I came to North Carolina from Wisconsin in 2002. I moved to Hendersonville for an environmental education job—that's where I met my wife, Jane. I love the endless opportunities of Asheville; they're everywhere you look: kayaking, rock climbing, hiking, backpacking, mountain biking, road biking. And for nature study, this is the most biodiverse region in the whole country. It's amazing to be able to go out every day and learn a new plant, a new animal, a new ecosystem.
I never knew Western Carolina was so biodiverse.
Oh yeah. We have such a long growing season, tons of rain, and enormous changes in elevation. It’s 6,682 feet at the top of Mount Mitchell—the highest peak on the East Coast. It has an ecosystem that you otherwise can only find in Canada. You'll find Northern flying squirrels, tiny Saw-Whet Owls...and that's just 45 minutes from town! Come down the mountain and you continually change ecosystems; you'll find new plants and animals every 500 feet.
Western North Carolina is a naturalist’s paradise. And if you love outdoor sports, then it's a double paradise.
Tell me a little about Hickory Nut Gorge.

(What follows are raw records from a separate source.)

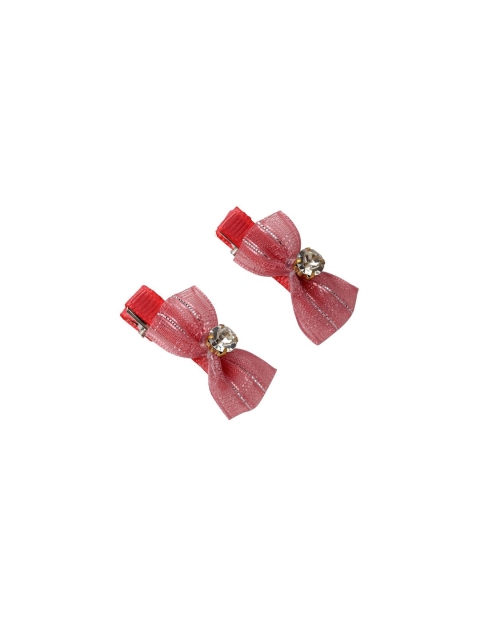 Stoln Girls Pink Set of 2 Embellished Alligator Hair Clips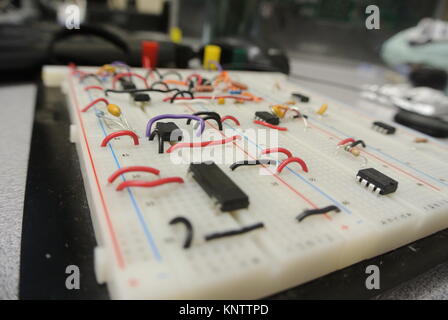 Electronics breadboard for prototyping circuits Stock Photo - Alamy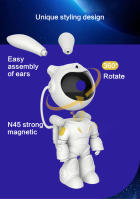 Proyector De Noche Para Niños Con Control Remoto Y Diseño Ajustable De 360 Grados Estrella Astronauta Nebulosa Galaxia Iluminación Incluye Baterías - details 7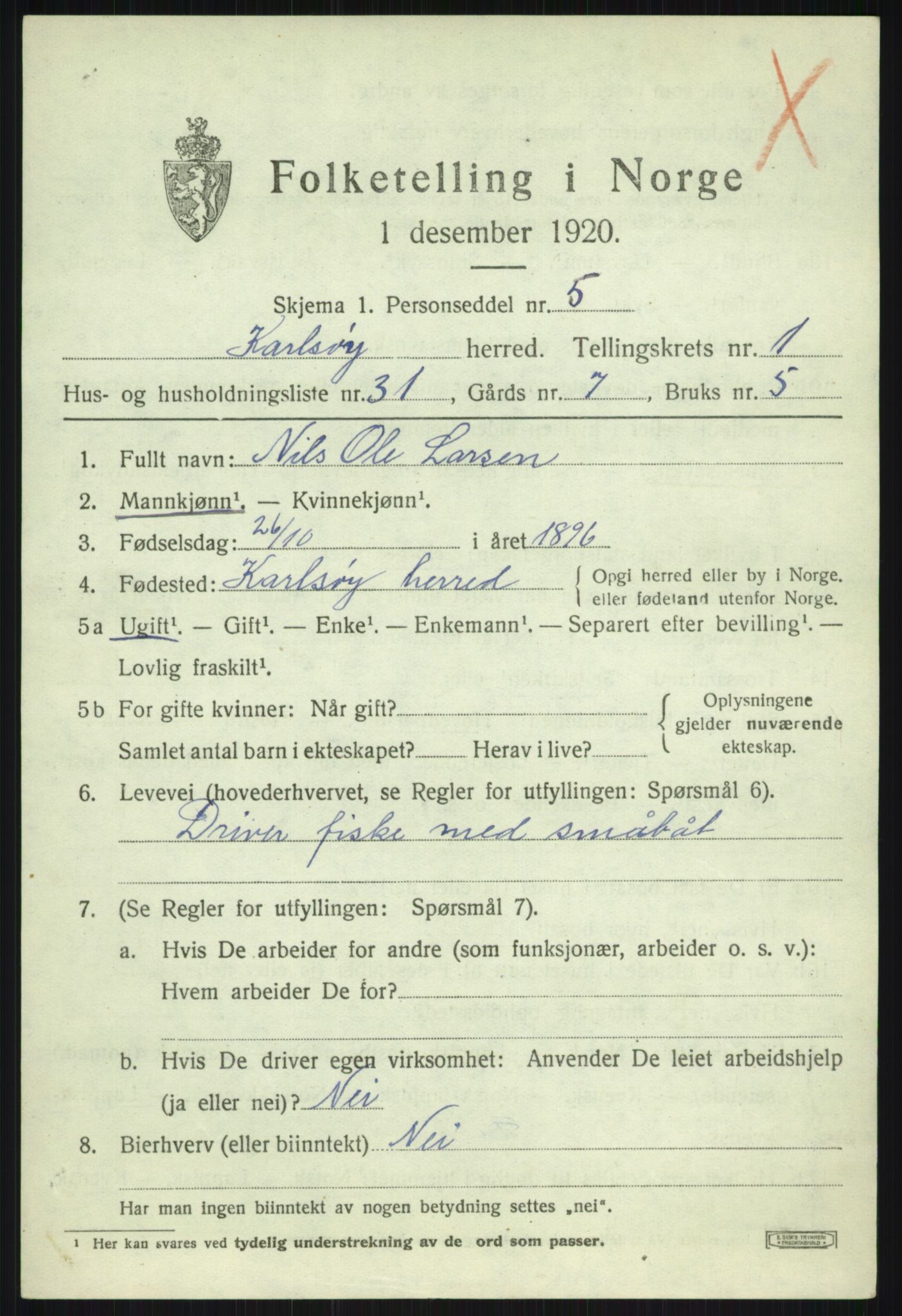 SATØ, Folketelling 1920 for 1936 Karlsøy herred, 1920, s. 1176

Hickory Nut Gorge is 17 miles southeast of Asheville. It's so magical and so beautiful; when people go in there, their jaws are dropping. That’s what fueled creating the guidebook. Historically, there were a lot of places to hike in the gorge, but they were all on private property. You had to know someone or you had to trespass to get on the trails. One of the only places to legally hike was Chimney Rock State Park, and even that was a private park for one hundred years. When the state bought the park, they bought a lot more land and expanded it by 6,000 acres. Along with that, the Carolina Mountain Land Conservancy—one of the best land trusts I’ve ever come across—has since bought thousands of acres and created lots of public trails and access points. Some people donate their land, leave it to CMLC in their will, or they put an easement on their private property to allow public access for hiking. There are plenty more trails still on private land, but in making the guide book, I made a commitment to the landowners: there would be no trespassing, nothing that would create friction. Everything we put in the book has been verified to be legal and was added with permission.
What's a particularly memorable time you’ve had in the Asheville outdoors?
Pretty much the last decade of my life has been spent in the outdoors around Asheville. But if I had to choose one? The time I was leading a seven-day backpacking trip in the Pisghah National Forest. My coworker was leading another group on a separate weeklong trip. We both got dropped off on this epic adventure, inside the half a million acres of the National Forest. As soon my group started off, I realized I had totally forgotten my water bottles. I'm leading these kids and I have water bottles, no water. I had to track down my coworker to help me. She did—and now that coworker is my wife.
You and your wife just had a baby. What are you most excited about introducing to your child?
I’m really excited about taking him down to Rumbling Bald on a sunny winter day and introducing him to bouldering, maybe even putting up a top-rope on a big boulder and getting him climbing.
Valentines Day is coming up. Do you have a suggestion for a romantic hike?
Visit Exclamation Point in Chimney Rock State Park. A lot of people shy away from Chimney Rock during the summer months due to the crowds. But I love visiting the park during the off season. You get all the amenities (bathrooms, hot chocolate, elevator) that the park provides, but you'll often have the 400-foot waterfall and epic views all to yourself.
I particularly like Exclamation Point because it has one of most expansive vistas from the south side of the Hickory Nut Gorge with sweeping views of Bearwallow Mountain, Little Pisgah, Ghost Town, and Rumbling Bald, as well as Lake Lure and the Piedmont. On a clear day you can see more than 75 miles with a crisp outline of Charlotte's sky scrappers. Many people choose to get engaged at Chimney Rock State Park, most often on top of Exclamation Point. If you are lucky, the pair of nesting peregrine falcons will even do a fly-by to celebrate your love.